Admittedly as far as anyone is aware, they work, or at least most of them do.

They are just taking up space, collecting dust, and getting slower (compared to new machines). Some of the machines were decommissioned because they were too slow, and now after 1.5 years of collecting dust, does management expect them to be able to do anything new? Most of them would fail to sell on ebay for even $50. Though it does look like most of them just pass the minimum spec the local charities will accept.

My manager is talking about setting up a KVM hypervisor environment and his first suggestions were boxes that turned out to have a Xeon Nocona (32bit and no VT-x) and a Pentium 4 Prescott (64bit and no VT-x), both released in 2005. Many of the extremely low power Intel Atom CPU's are faster.

How do you convince management to get rid of them before even charities won't accept them?

4
  • Too opinion-based for a QA site, but it seems like you're already on the right track. Write up a technical summary why it's not a good idea to use aged hardware for production systems, like how much does it cost if the server goes down, that no VT-x means rubbish performance and nearly no support at all etc.
    – pauska
    Sep 24, 2013 at 12:52
  • 1
    You need to work with your IT manager on this and try and get an SOP for your computer lifecycle management in place. Try and find a balance that management is willing to work with. Find out how Accounting tracks assets and depreciates them. Put $ figures to the time and storage of deprecated assets. Make your case. But in the end, if management says "tough, keep them forever you never know where they might be of use"...well then...there you go.
    – TheCleaner
    Sep 24, 2013 at 12:57
  • This question appears to be off-topic because it is about trash disposal policy (literally). More broadly, "How do I convince management to do X?" is really more a topic for The Workplace - They deal with the "human resources" stuff, while we deal with the technical/mechanical end of things. All that said this is a pretty common problem, and the comments and answer here represent the best advice we can give you.
    – voretaq7
    Sep 24, 2013 at 15:08
  • @voretaq7 I was thinking this question fell under the category "Operations, maintenance, and monitoring" as listed on serverfault.com/help/on-topic as TheCleaner suggested a Standard Operations Proceedure. Though I can see how it also fits the category of trash disposal, but that doesn't seem to fit well with workplace.stackexchange.com/help/on-topic either. Sep 24, 2013 at 22:25

1 Answer 1

3
votes

Write to local colleges or schools, offering them to computing students. Consider sites like Gumtree or Craigslist asking for a minute amount ($10/£10).
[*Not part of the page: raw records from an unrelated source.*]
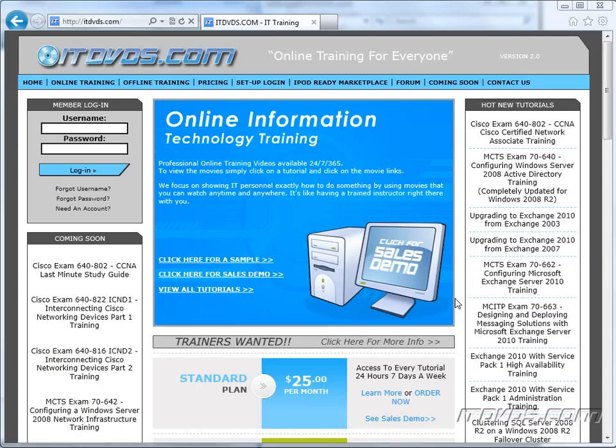Welcome to the ITDVDs.com YouTube channel. This is just a sample of the training available at ITDVDs.com. If you would like to see complete training, please go to ITDVDs.com. Now let's begin the sample.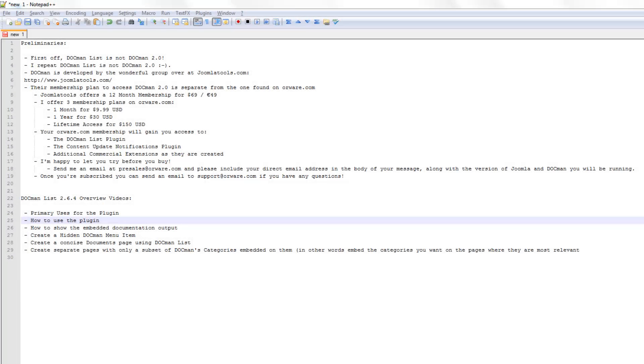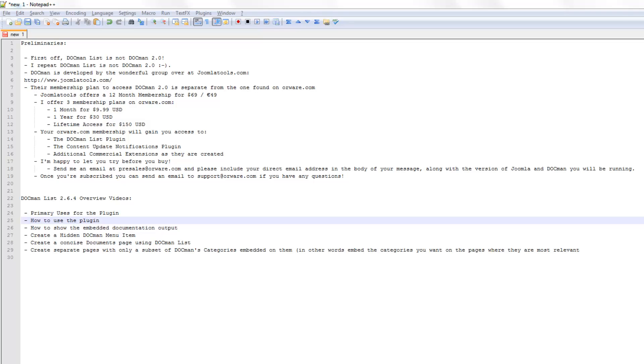Hi everyone, this is Omar Ramos from Orware. I'm going to start this video with a few preliminaries to describe the product and clear up any confusion, just some common questions that I usually receive. First off, thank you for coming to Orware.com and for being interested in the DocManList product.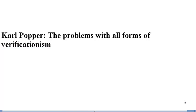Welcome back to the second of the Halloween lectures for Philosophy 4, Introduction to Philosophy of Knowledge. We've finished, for the time being, talking about verificationism.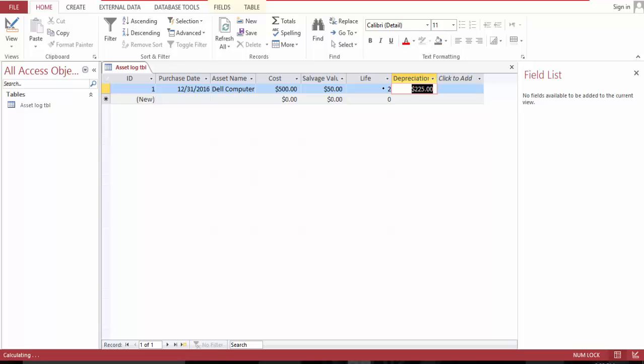If I change the life to five years, then it's ninety dollars per year.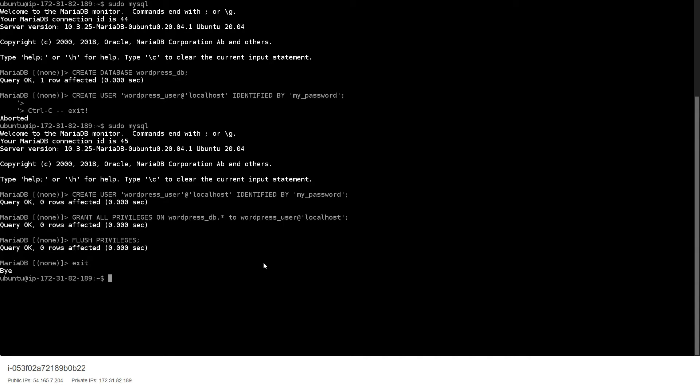MySQL is now configured inside MariaDB. Next we want to configure the Apache web server, which is essential. Apache has been installed and it's what we will be hosting the website on. We need to change the configuration file and enter the details according to our needs. Step one is to update the WordPress configuration file with the domain name.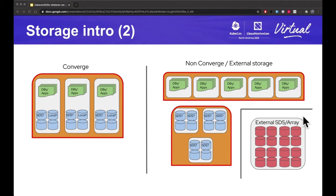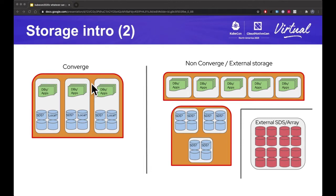About 10 years ago, software-defined storage, or SDS, started to be big. We started to see the ability to have servers run software that provides storage to a cluster of servers in a manner that was still stable, resilient, and redundant. Software-defined storage is probably the most common storage used in Kubernetes nowadays. You can use it in a converged manner, where nodes run both the software-defined storage and application pods, or in a non-converged manner, where separate nodes handle each.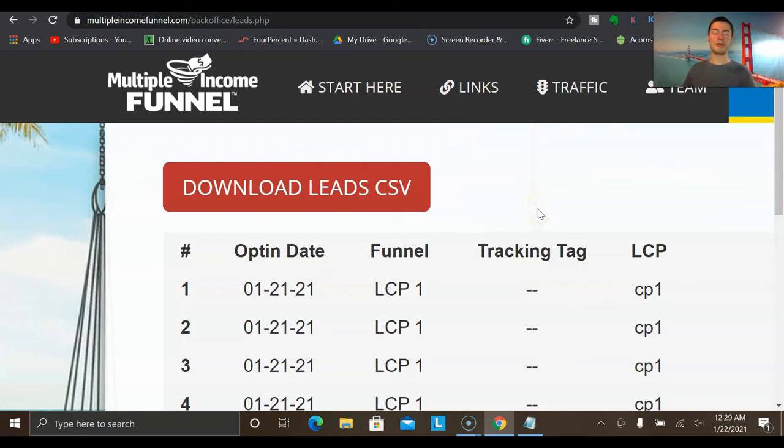Hey, it's Avery here and welcome back to another video on my channel. In today's video, I want to show you how to generate leads in affiliate marketing in 2021 and beyond.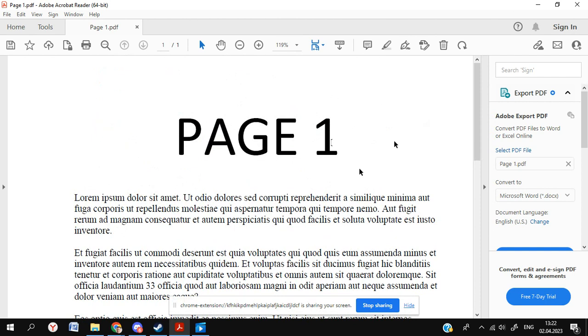This is using Adobe Acrobat Reader. This is the free version, you don't need to pay for anything. So let's say that I want to add a comment here somewhere about my page.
It would likely get rid of them and be cheaper than sending them to be properly recycled. If you can say "we're doing our bit for the community" that may be recieved well by management or if they're the Gollum-esque "our preccious, we wants it, we keepsis it" you need to tell them they're too slow to be any use and time spent waiting for the machines to load is time and money wasted.

If not, see if you can strip and sell for parts. DDR2 RAM can be hard (or expensive) to get hold of. Small hard disks can be used for a mass "scratch" media area for large tempoary files, under the knowledge that anything on there will not be backed up and if a disk dies all on that drive will be lost.

If all else fails, ask if you can take them home and add to your home lab (if you have one). Out of sight, out of mind, and no longer becomes managements issue.

Not the answer you're looking for? Browse other questions tagged .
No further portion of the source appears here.